Crime has no rights
In the space of only three months, three priests were murdered in South Africa. Fr Ernst Plöchl CMM of Mariazell in the Eastern Cape had done nothing to deserve a violent death; nor did Frs Daniel Matsela Mahula of Klerksdorp and Lionel Sham of Johannesburg before him.
The deaths of these three servants of God and his people in acts of evil cast a shadow over our welcome of the Year of the Priest. As we celebrate our priests and reflect on their mission, we must also contemplate the dangers so many of them expose themselves to, especially in a society as morally polluted as South Africa’s.
Inevitably many people, including Catholics, will demand the return of the death penalty for violent criminals. It is indeed difficult not to wish the ultimate punishment upon those who feel authorised to kill and rape with impunity. At times of anguish — individual and communal — we must hear the Church when it teaches that capital punishment is an injury to God.
International experience makes it clear that the death penalty does not serve as a deterrent. When applied, it usually serves only the purpose of vengeance. This is at odds with Catholic teaching.
South Africa does not need capital punishment to curb crime, but more effective methods of law enforcement and justice. But even these non-negotiable elements are not enough. Above all, South Africa needs a moral regeneration.

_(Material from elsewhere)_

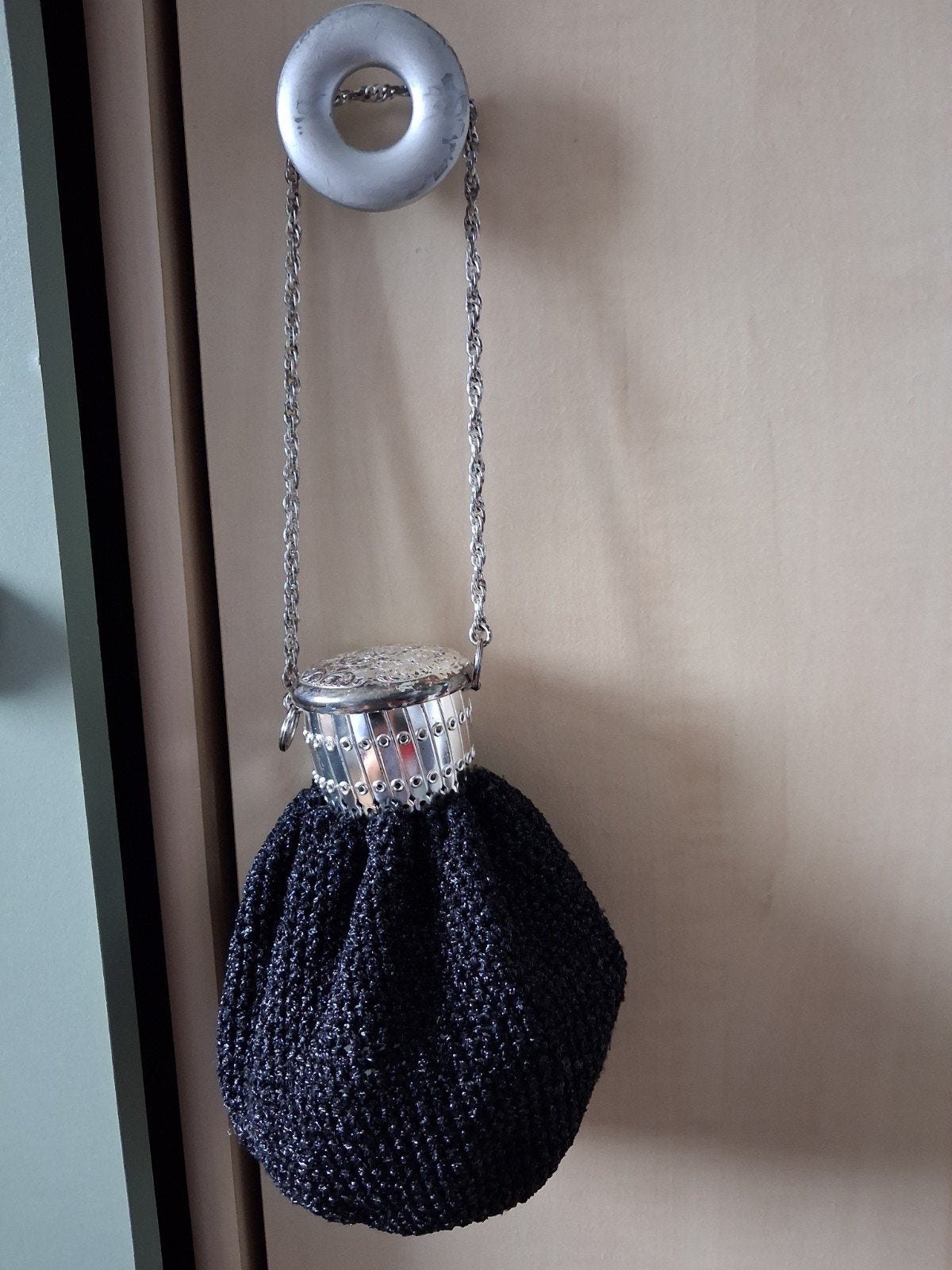 Vintage Zwart Gehaakt Avondtasje met Zilverkleurige Sluiting, Ophalen of Verzenden, Gebruikt, Zwart, Avondtasje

It should not be that criminals are deterred from committing a wicked act only because they might be caught. They ought to be deterred because it is wrong. In the minds of many criminals, life (even their own) is expendable. When life is seen as worthless, murder becomes banal. Our society must regain awe for human life, in every form.
The moral regeneration of society should not as a priority concentrate on issues such as adult content being screened on television (though this wants attention too), but more on instilling in all people a set of scruples which would restrain them from breaking the law and harming others simply because to do so is wrong.
Such a recallibration of public ethics is a long-term project, but its initiation must not be delayed. In the interim, effective law enforcement and justice strategies are absolutely necessary. It must be made unambiguously clear that the state and its people regard criminals as enemies of the people. Criminals must be caught, tried in a court, and punished according to the law. And they should be rehabilitated, as far as possible, so that upon recovering their freedom they will not return to crime.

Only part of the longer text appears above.